If I can’t convince you to add ramekins to your kitchen, wide-mouth half-pint canning jars will also withstand baking temperatures of an oven. I love food in jars, so this is an acceptable alternative to ceramic ramekins as far as I’m concerned. Here’s one last photo of black bottom espresso crème brûlée served in a wide-mouth canning jar. I got this dessert at the Bearded Lady Food Company. The presentation was delightful, and it was exactly the right size to not share.



Filed under food

8 responses to “Kitchen Accoutrements: Ramekins

  1. Patrice Helmar

    I LOVE my ramekins too – such a great post about awesome kitchen accessories. Can I ask why the caphalon pan is your favorite? I’m totally interested . . .

    • Well, we love it because it functions like a cast iron pan in our kitchen, but it’s lighter and easier to clean / less maintenance than a real cast iron pan. Of course, this reminds me that I need to re-season our rusted ass cast iron. It is good for scrambling up a mess of eggs, or (veg) sausage, caramelizing onions, toasting nuts, whatever. It can go in the oven too, so you can bake a frittata in it. it’s all-purpose. We use it every single day, sometimes twice a day. So I think a second one would be really handy.

  2. I just fainted from awesomeness.
    I am so glad you’ve chosen to reinvest in your kitchen with your savings. Blowing it on a restaurant meal would have defeated the whole purpose, and after seeing your photos, I’m certain you can make better food than you can buy.

    • Thanks for the encouragement! We definitely make better food than you can buy in Olympia, a city not known for its fine cuisine. But you’re right, an expensive, fancy restaurant meal would defeat the purpose of all the effort we’ve put into this. We will get a lot more long-term enjoyment out of fancy cookware, and I know that. I am just a brat with a bad attitude.
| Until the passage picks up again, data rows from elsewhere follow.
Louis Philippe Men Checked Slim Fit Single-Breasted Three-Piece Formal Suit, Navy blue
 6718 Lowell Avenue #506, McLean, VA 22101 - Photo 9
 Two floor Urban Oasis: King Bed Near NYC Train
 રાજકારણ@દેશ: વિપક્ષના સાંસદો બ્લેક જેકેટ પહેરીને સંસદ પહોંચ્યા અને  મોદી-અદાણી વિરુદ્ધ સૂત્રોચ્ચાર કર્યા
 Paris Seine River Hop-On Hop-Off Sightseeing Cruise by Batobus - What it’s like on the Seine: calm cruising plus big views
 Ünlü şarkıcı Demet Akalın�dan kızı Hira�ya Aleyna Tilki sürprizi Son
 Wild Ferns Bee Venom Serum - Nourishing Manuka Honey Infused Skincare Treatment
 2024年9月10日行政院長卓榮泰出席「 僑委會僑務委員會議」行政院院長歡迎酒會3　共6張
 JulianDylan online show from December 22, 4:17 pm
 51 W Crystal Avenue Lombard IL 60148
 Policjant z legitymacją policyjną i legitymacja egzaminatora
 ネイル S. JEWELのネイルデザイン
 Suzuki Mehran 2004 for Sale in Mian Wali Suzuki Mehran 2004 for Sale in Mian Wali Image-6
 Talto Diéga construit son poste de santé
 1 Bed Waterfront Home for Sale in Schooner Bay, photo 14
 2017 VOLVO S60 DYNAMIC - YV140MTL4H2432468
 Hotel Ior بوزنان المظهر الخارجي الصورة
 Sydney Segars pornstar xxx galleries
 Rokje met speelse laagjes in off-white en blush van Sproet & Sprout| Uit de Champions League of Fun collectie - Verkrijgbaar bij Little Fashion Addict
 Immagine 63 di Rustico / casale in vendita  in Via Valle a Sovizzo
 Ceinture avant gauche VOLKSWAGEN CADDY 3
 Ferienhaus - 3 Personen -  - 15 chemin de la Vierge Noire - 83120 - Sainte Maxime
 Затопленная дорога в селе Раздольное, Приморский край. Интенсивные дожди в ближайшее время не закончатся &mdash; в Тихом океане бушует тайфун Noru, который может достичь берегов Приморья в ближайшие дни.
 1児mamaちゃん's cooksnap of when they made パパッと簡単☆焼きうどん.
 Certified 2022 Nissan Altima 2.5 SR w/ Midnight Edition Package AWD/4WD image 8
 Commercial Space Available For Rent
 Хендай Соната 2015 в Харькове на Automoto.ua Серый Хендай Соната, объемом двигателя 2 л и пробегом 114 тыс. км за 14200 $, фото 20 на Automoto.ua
  3. I realize I’m turning into a crazy commenter here, but I had to leave just one more. I really recommend that unless you do seriously massive amounts of canning, that you don’t get yourself a devoted water bath canner. I have found that a sturdy, stainless steel stockpot is a far better investment than a traditional canner. It is more durable and as long as you give it a good scrubbing after a weekend of canning, can be used for all manner of other kitchen projects. I really like the 12 quart stock pot that Cuisinart makes. It is really solid and very affordable.

    Oh, and yay for the suggestion of using wide mouth half pints in place of ramekins. Love it!

    • No! I haven’t even read the kitchn yet today, so thanks for the link. That blog post just gave me a serious craving for a lemon dessert. Sponge-y custard-y lemon-y something or other in a ramekin.